1. Who’s complacent?: Here is a debate, with one side, @dhh, arguing for less work.  Check out @rabois for a contrasting point of view.

2. When animals fight each other, are they using even remotely optimal strategies?  Or could a Big Data-equipped smart coach improve their performance significantly?

3. Strategies for selecting out hostile jurors (NYT).

4. Is Bleecker St. the new Rust Belt? (NYT)

5. Reddit AMA with a lead server at a two-star Michelin restaurant in NYC.

6. Are state budget cuts at fault for rising tuition?

1 frequent reader June 2, 2017 at 11:40 am

The Reddit link is incorrect, I think.

2 Schroeder June 2, 2017 at 11:49 am


3 Schroeder June 2, 2017 at 11:50 am
4 Steve S June 2, 2017 at 11:52 am

MIE: Tyler directs readers to art auction for pieces he owns behind a food-related link that he knows everyone will click on. :-p

5 Thiago Ribeiro June 2, 2017 at 11:46 am

#1 “Make me rich or die tryin’” is my new motto for my underlings.

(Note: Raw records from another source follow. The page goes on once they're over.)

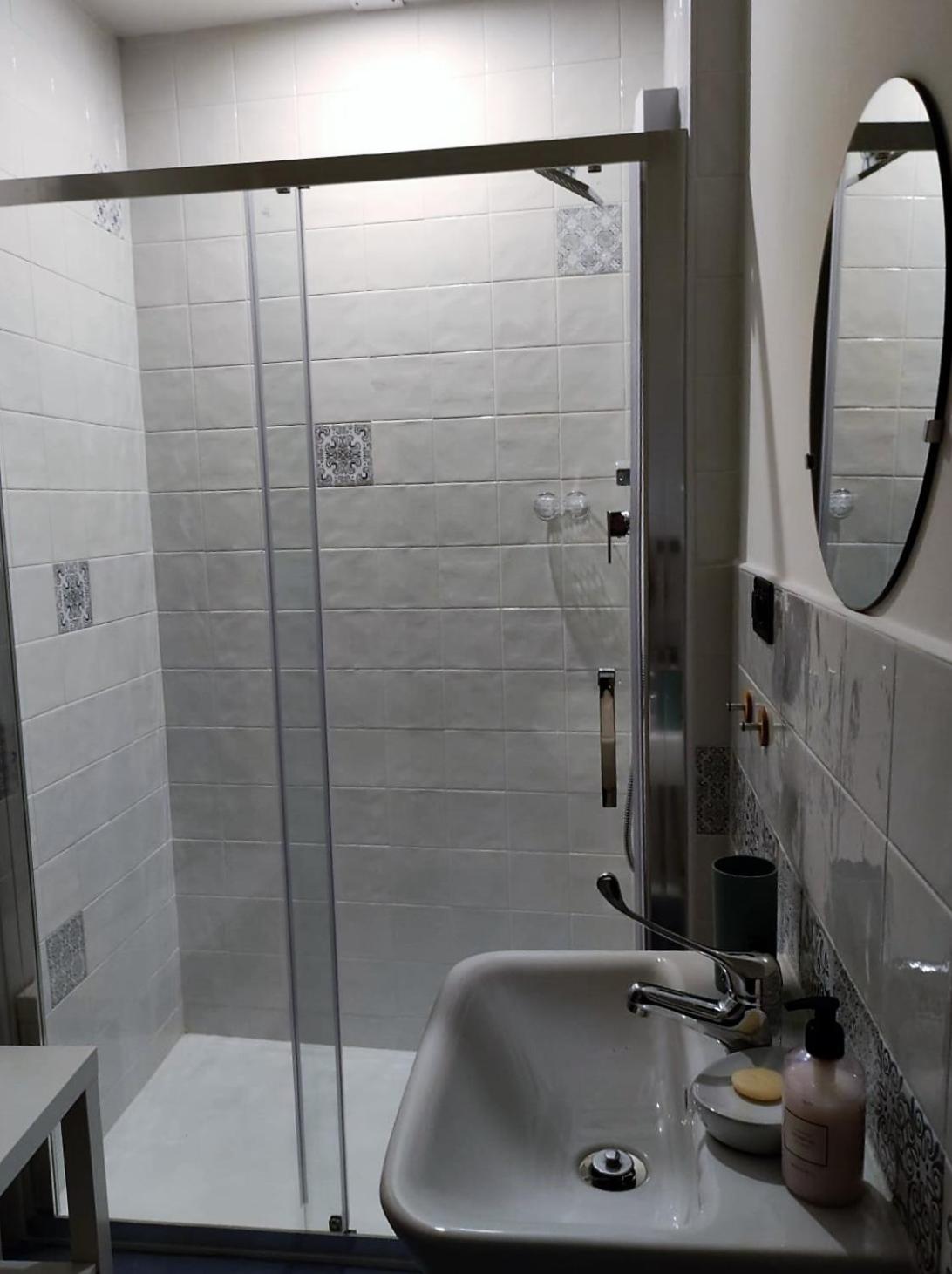La Piazza Apartment San Giorgio Ionico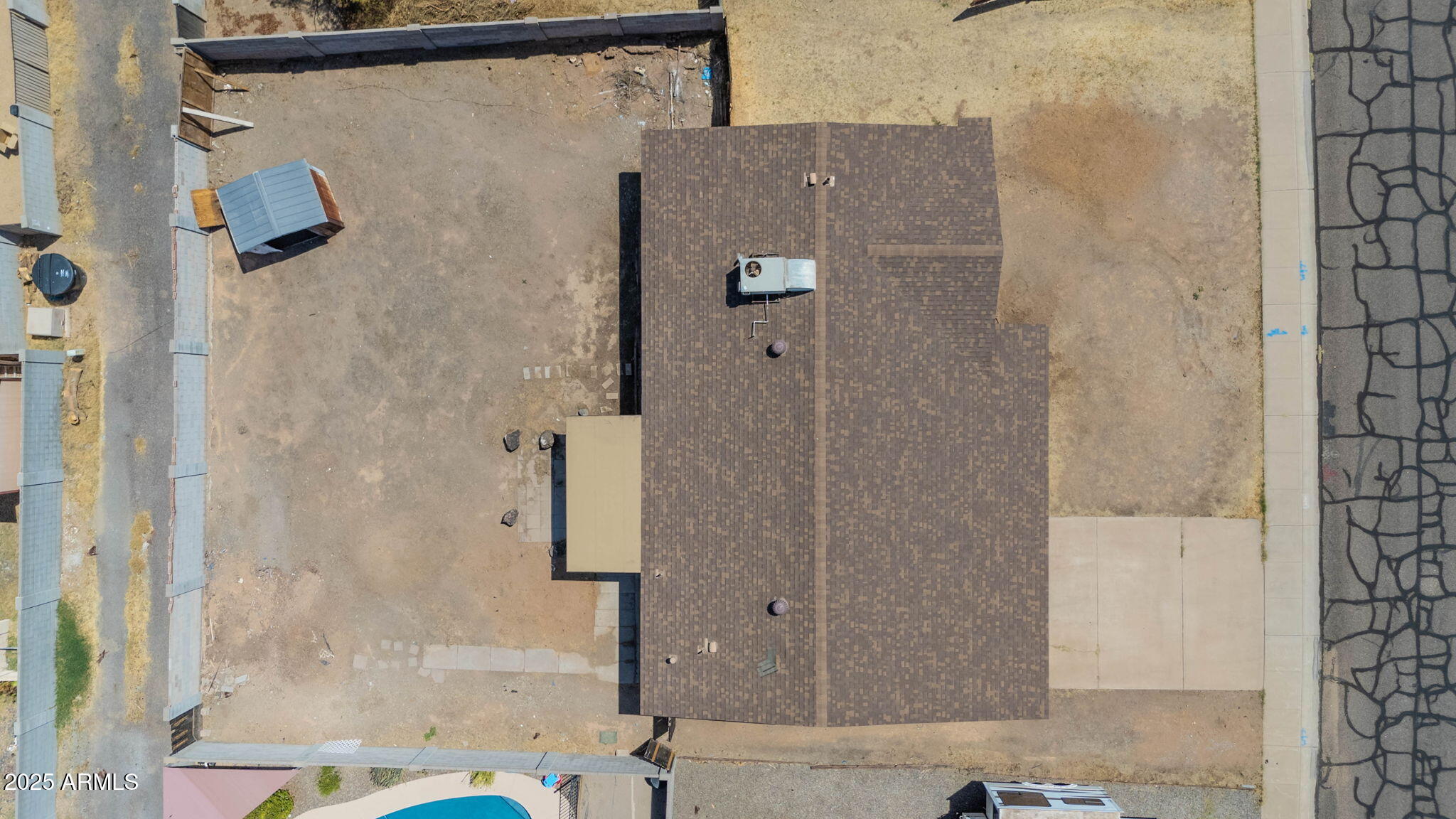 3430 E Poinsettia Drive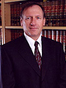 Jamestown Estate Planning Attorney Bruce S. Scolton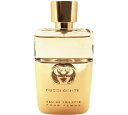 ギルティ プールファム オードトワレ 50ml グッチ/香水/オードトワレ EDT/レディース(女性用)/GUCCI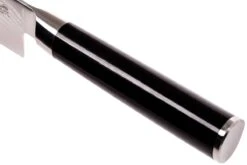 Kai Shun Santoku Cuchillo Alveolado 18 Cm -CocinaPro Ventas KADM718 05 kai shun v2017 kadm718 05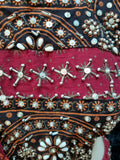 Gujarati Ghagra Set 12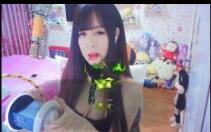 娜娜sweet 远古asmr剪辑 换装口腔音合集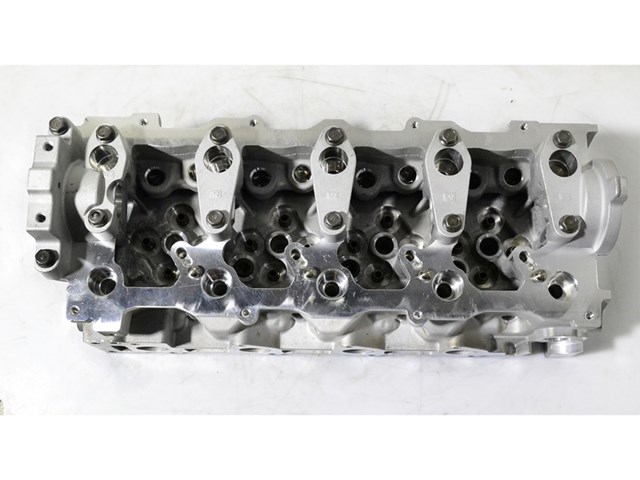 Zestaw naprawczy pompy wspomagania hydraulicznego do Volvo XC90  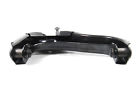 Cms20378 Mevotech Suspension Control Arm And Ball Joint Assembly 669719165822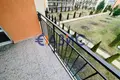 3 bedroom apartment 67 m² Nesebar, Bulgaria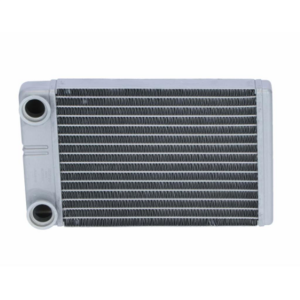 Chevrolet Aveo T300 Kalorifer Radyatörü Kale Marka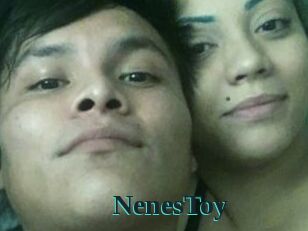 NenesToy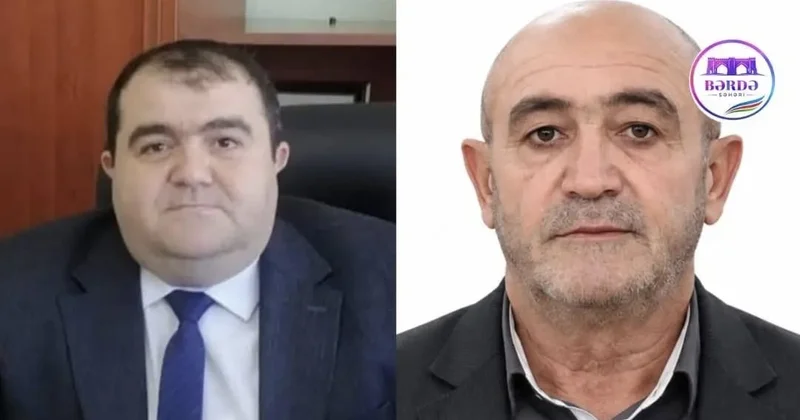 Oğlunun itkisindən 19 gün sonra vəfat etdi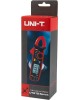 Шарнирно-губцевый инструмент UNIT (13-0009) UT210E ТОКОВЫЕ КЛЕЩИ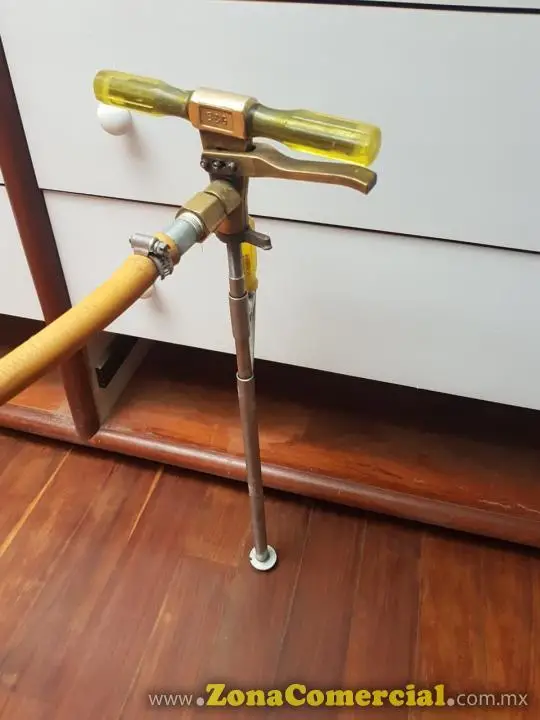 fumigaciones Briones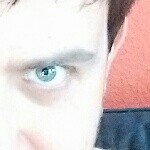 Profile Picture of Thomas Groh (@thomasgroh) on Instagram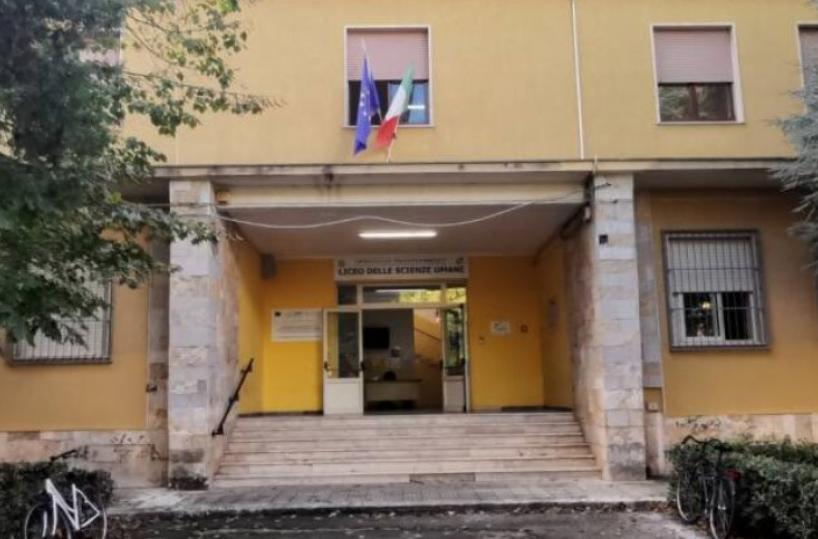Dimensionamento scolastico a Francavilla confermata l’autonomia del liceo Ribezzo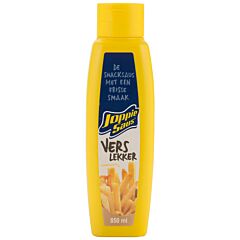 Elite Joppiesaus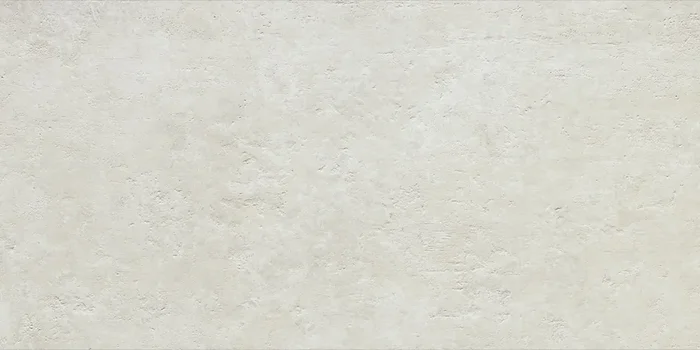 Casa dolce casa Pietre/3 Limestone White Fliese 60×120/1,0 Art.-Nr. 748376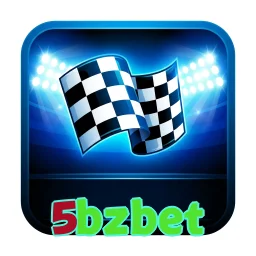 5bzbet
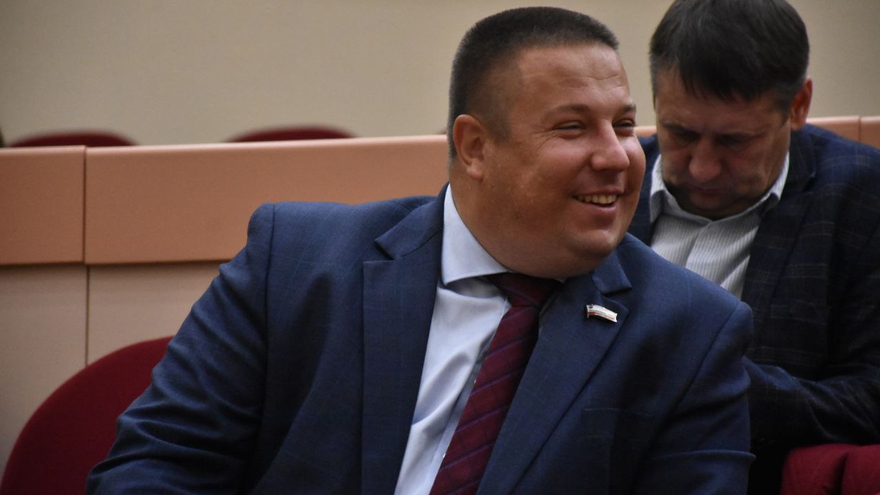 Дума назначила выборы в Саратовской области на 11 сентября
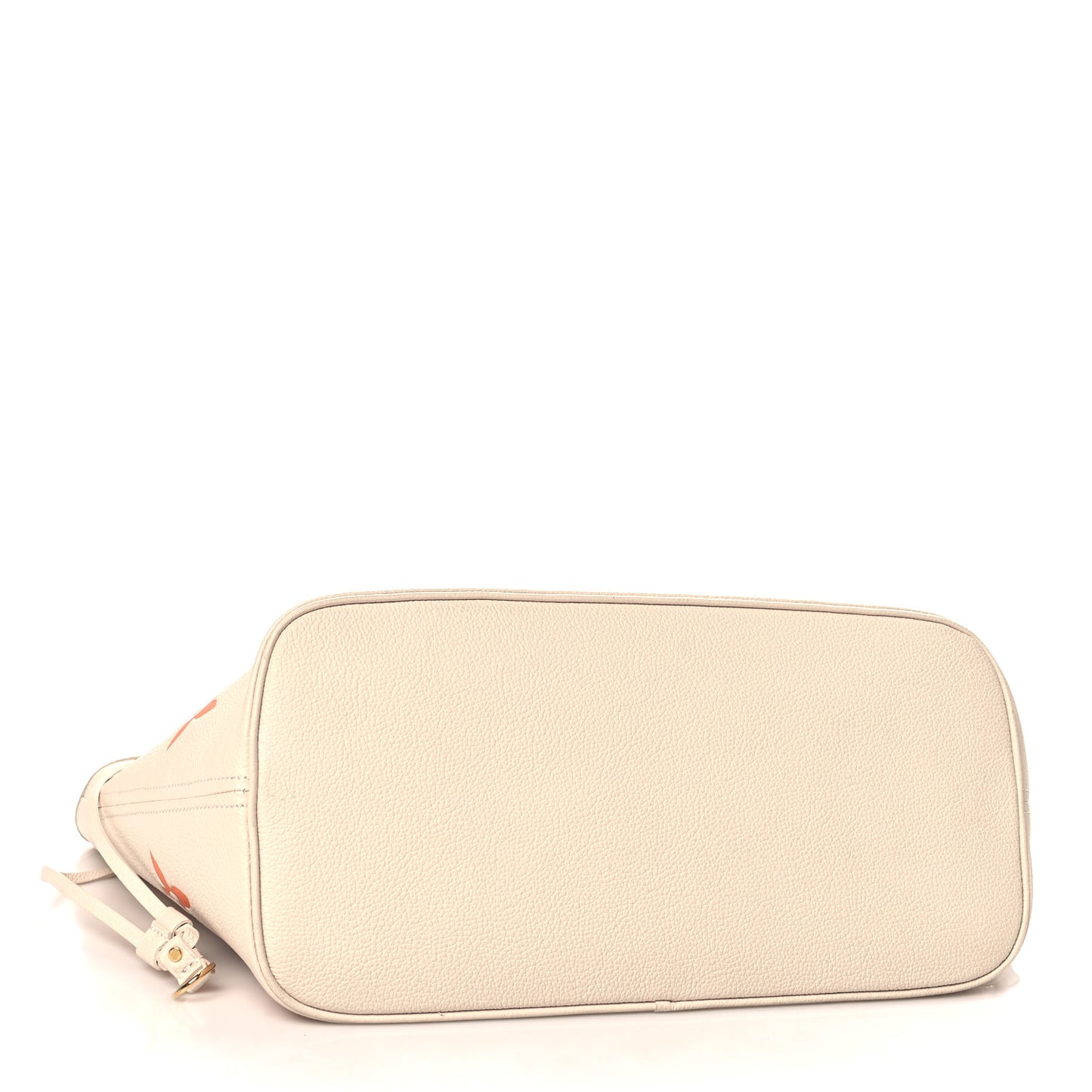 Empreinte Monogram Giant Neverfull MM Degrade Neutral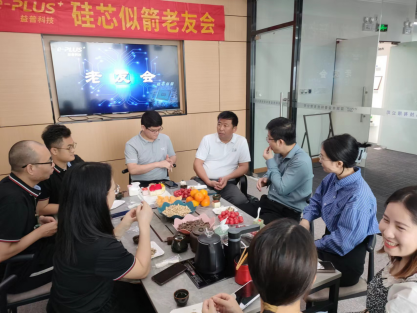 1682327495967640.png image.png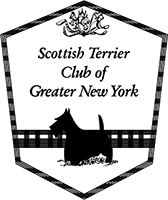Scottish Terrier Club of Greater New York, Inc.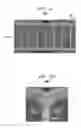 Fig. 09 - Top-down nanowire thinning processes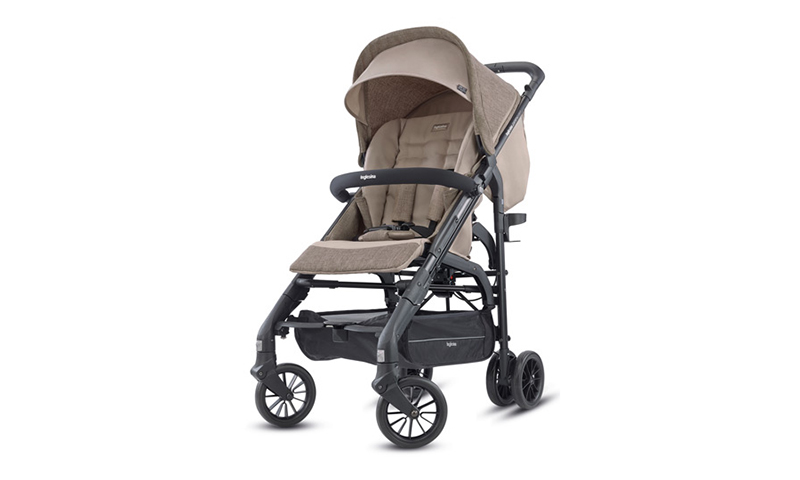 Zippy Light - Walking Cane Kinderwagen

6 Daniel Weber June 2, 2017 at 12:01 pm

Don’t you want to hang with the cool kids?

PS: The answer is no. The cool kids suck. I’ve done start-ups with famous people. Save your energy.

7 Thiago Ribeiro June 2, 2017 at 12:32 pm

I wonder. The cool kids have connections I could use. The uncool, however, are more eager for approval and emotional support I can pretend to provide.

8 Daniel Weber June 2, 2017 at 12:59 pm

Depends if you can use those connections without involving the cool kid any more.

More than once, after working with a “famous person,” I wanted no contact with them whatsoever after we were done. It’s fun when one day they tell you their life sucks, and the next day they’ve forgotten about it and are giving you life advice to be just like them.

9 Thiago Ribeiro June 2, 2017 at 1:08 pm

“Depends if you can use those connections without involving the cool kid any more.”

It is not always easy, I try to manipulate them, play them like guitars.

10 JMCSF June 2, 2017 at 11:49 am

#4. Seems more likely that landlords need to reconcile the coming disruption to brick and mortar retail. Instagramable food destinations like Magnolia’s Bakery or Murray’s Cheese Shop are doing just fine.

11 chuck martel June 2, 2017 at 12:08 pm

This is a phenomenon that occurs all over the country. The rentiers, invariably absentee investor landlords, keep raising rents until all the profit is wrung out of the tenants, who then move on to nearby locations, where, in many cases, the process continues. New, corporate tenants take their place and, at least for a time, use the location to generate legitimacy until they, too, can’t justify the expense any longer. Eventually, the properties are sold to other investors for further development.

12 Daniel Weber June 2, 2017 at 1:54 pm

It does seem like, for any kind of retail, all returns end up going to the landowner.

13 Ray Lopez June 2, 2017 at 12:32 pm

Evidence of ‘sticky prices’ in real estate, which is a phenomena that’s well known: “As indicated by the languishing storefronts, landlords are willing to hold out”.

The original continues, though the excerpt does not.